◆ **TASK TO CARRY OUT**: From the line that holds "Druckschaltersensor der Servopumpe, für" down to the last line of the listing below, transcribe exactly and only those lines. Leave pictures out.

◆ **DATA SHOWN**:
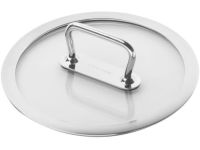 Zwilling Набор кастрюль 5 предметов Pro Zwilling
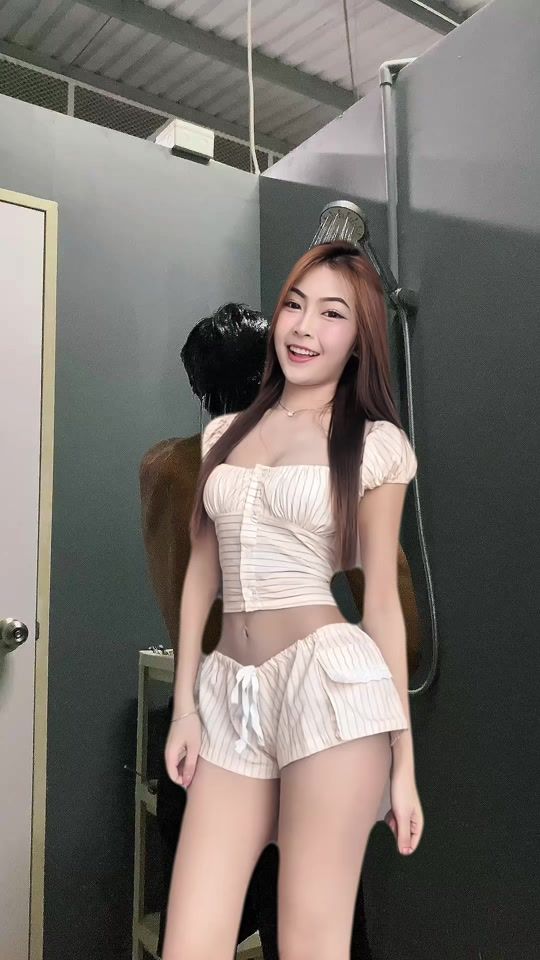 TikTok video thumbnail by suntipapth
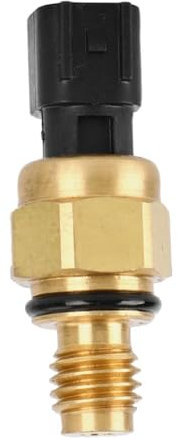 Druckschaltersensor der Servopumpe, für Ford 1076647 Focus MK1 MK2 C-MAX 98AB-3N824-DB Autozubehör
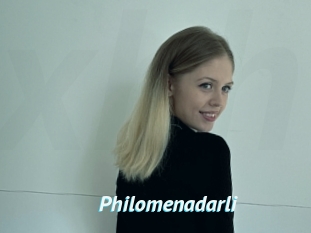 Philomenadarli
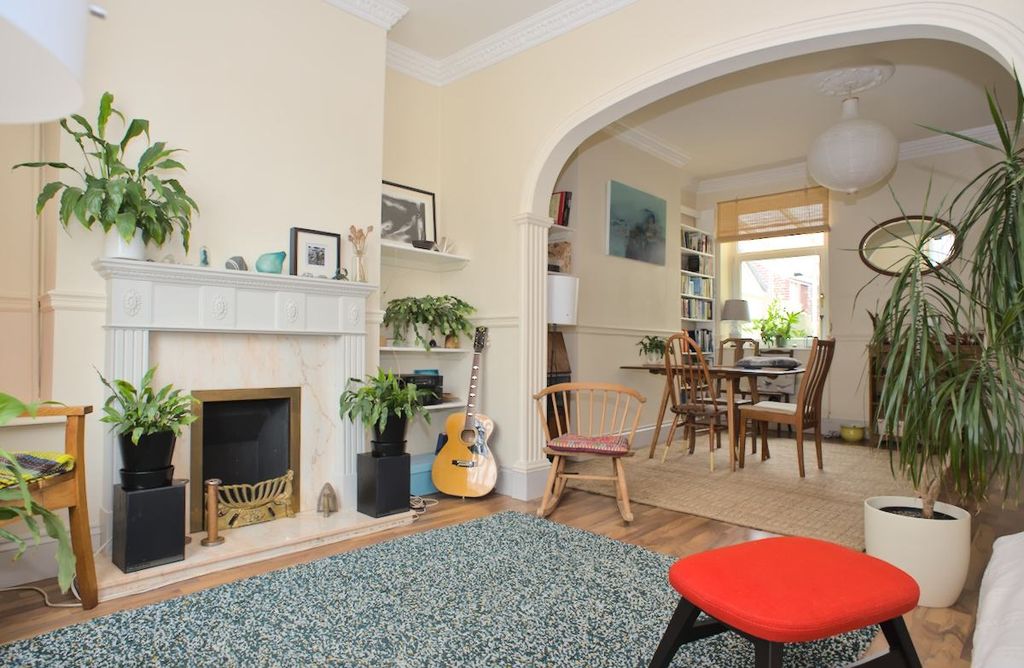 Additional image 5 of 3 bed terraced house for saleGarden Street, Llanbradach, Caerphilly CF83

◆ **REPLY**:
 Druckschaltersensor der Servopumpe, für Ford 1076647 Focus MK1 MK2 C-MAX 98AB-3N824-DB Autozubehör
 Philomenadarli
 Additional image 5 of 3 bed terraced house for saleGarden Street, Llanbradach, Caerphilly CF83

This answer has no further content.